The field of this invention shape-memory-effect actuators and in particular those usages of shape-memory alloy as they apply to making linear electro-mechanical actuators.

Shape-memory-effect (SME) alloys have been known and available for many years. Principal applications have used the nickel-titanium SME alloys in high-performance products such as aircraft hydraulic couplings. Because of their dramatic strength and response to temperature, SME alloys have continuously been proposed as alternatives to motors, solenoids, bimetallic or wax-type actuators. Although not a panacea, a SME approach to electro-mechanical actuation may offer advantages which conventional approaches would find difficult or impossible. For example, large amounts of recoverable strain available from SME alloys offer work densities up to ten times higher than conventional approaches. High electrical resistivity (similar to nichrome) permits direct electrical actuation without extra parts and with efficient use of available energy. Furthermore, large available material strains permit extremely long strokes, constant force during the stroke, and high starting force.

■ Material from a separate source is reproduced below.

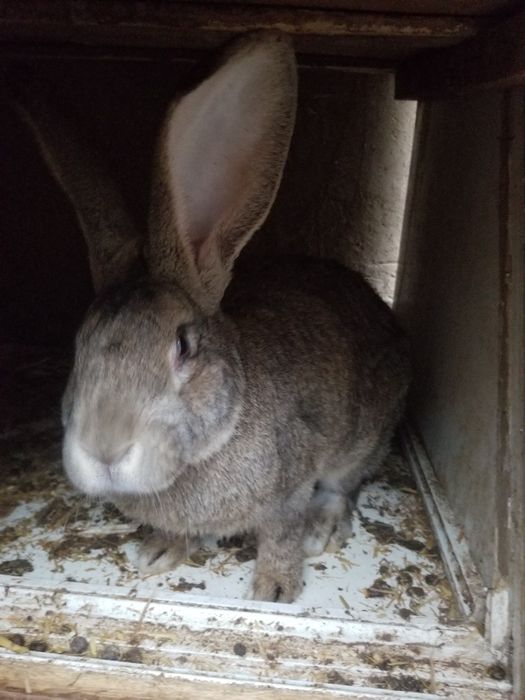 Flandr bolalari sotiladi 1oylik dan 45kunlikgacha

SME alloys have been used for actuator-type devices previously. Generally, the material is a nickel-titanium alloy called Nitinol.RTM. or Tinel.RTM. although copper-based alloys have been used in many similar applications. Applicant's copending U.S. Pat. Application Ser. No. 474,931, filed March 14, 1983, which is incorporated herein by reference, discloses various actuators employing a shape-memory alloy component. The instant invention is an improvement over that disclosed in applicants' above-mentioned application in that the instant actuator provides a reset mechanism that releases the actuator after it has retracted a specific distance and also interrupts the electrical circuit when the actuator is reset. The instant actuator is also provided with a self-protection means to protect the SME element from accidental and deliberate overloads, and to accommodate the extra motion required for high-cycle design life. An overload occurs during a jam of the actuator or when a load in excess of a predetermined amount designed into the actuator occurs.

SUMMARY OF THE INVENTION

The purpose of this invention is to provide a self-regulated actuator that is resettable, that when electrically heated will self-interrupt the electric current after actuating and reaching the end of its stroke, and which protects the actuator or any mechanism to which the actuator is attached from damage by the actuator in the event of a jam or other mishap that tries to prevent the mechanism from moving.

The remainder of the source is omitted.